Entity Resolution
How Patient Memory deduplicates clinical entities across multiple sources using a 4-layer escalating pipeline.
What it is
A complex patient record typically has the same condition, medication, or allergy represented multiple times across different sources, with different codes, different display text, and sometimes contradictory details.
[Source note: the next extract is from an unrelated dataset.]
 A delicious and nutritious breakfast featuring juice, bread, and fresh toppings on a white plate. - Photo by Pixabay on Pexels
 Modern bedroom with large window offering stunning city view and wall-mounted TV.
Entity resolution is the process of deciding: are these two records the same real-world thing?
The 4-Layer Pipeline
Patient Memory uses an escalating cascade that only moves to more expensive methods when cheaper ones can't decide.
| Layer | Method | Handles |
|---|---|---|
| 1 | Deterministic code matching | Entities sharing standard codes (SNOMED, RxNorm, ICD-10, LOINC) |
| 2 | NLP normalization + fuzzy matching | Same concept with different display text or minor variation |
| 3 | Embedding similarity | Semantically similar entities with no shared codes |
| 4 | LLM adjudication | Genuinely ambiguous cases requiring clinical judgment |
A pair of entities only escalates to the next layer when the current layer cannot confidently resolve it. Layer 4 fires for at most ~15 pairs per patient to ensure cost-effectiveness.
In practice: ~40% of pairs resolve in Layer 1 for free. ~70% resolve before reaching LLM. The LLM sees only hard cases where clinical judgment is genuinely needed.
Provenance
Every merged entity carries a full audit trail (see Provenance and Auditability for the complete structure):
{
"sources": [
{ "type": "fhir", "origin": "FHIR Bundle", "reliability": 0.85, "ref": "Condition/abc" },
{
"type": "cda",
"origin": "Summary_20230907.xml",
"reliability": 0.8,
"ref": "observation/456"
}
],
"conflicts": [],
"resolvedBy": "deterministic-code",
"reasoning": "Both entities share SNOMED code 44054006.",
"confidence": 0.9
}When sources conflict (e.g., different medication doses), the conflict is recorded with both values and the resolution strategy used. Every merge decision is fully auditable.
Conflict Resolution
When sources disagree on an attribute value, the pipeline uses one of these strategies:
| Strategy | When used |
|---|---|
| Corroboration | Select the value agreed upon by the majority of sources |
| Recency | Prefer the most recent source |
| Reliability | Weight sources by their reliability score |
| LLM judgment | Complex conflicts where an LLM evaluates both values with full patient context |
Post-Processing
After entity deduplication, three passes run:
- Family history reclassification: conditions encoded as "hx of X" are moved to the family history subgraph
- Status inference: resolved and historical conditions are flagged based on textual cues
- Symptom linking: symptoms are linked to likely parent conditions via the clinical knowledge base
Auditing Resolution Decisions
The full resolution report (GET /patients/{patientId}/resolution) returns every entity in the graph with its complete provenance trace. Use this to debug unexpected merge or non-merge outcomes. See Audit Entity Resolution.
For a higher-level reconciliation summary (stats, inferred relationships, post-processing actions), use GET /patients/{patientId}/reconciliation. See Review the Reconciliation Summary.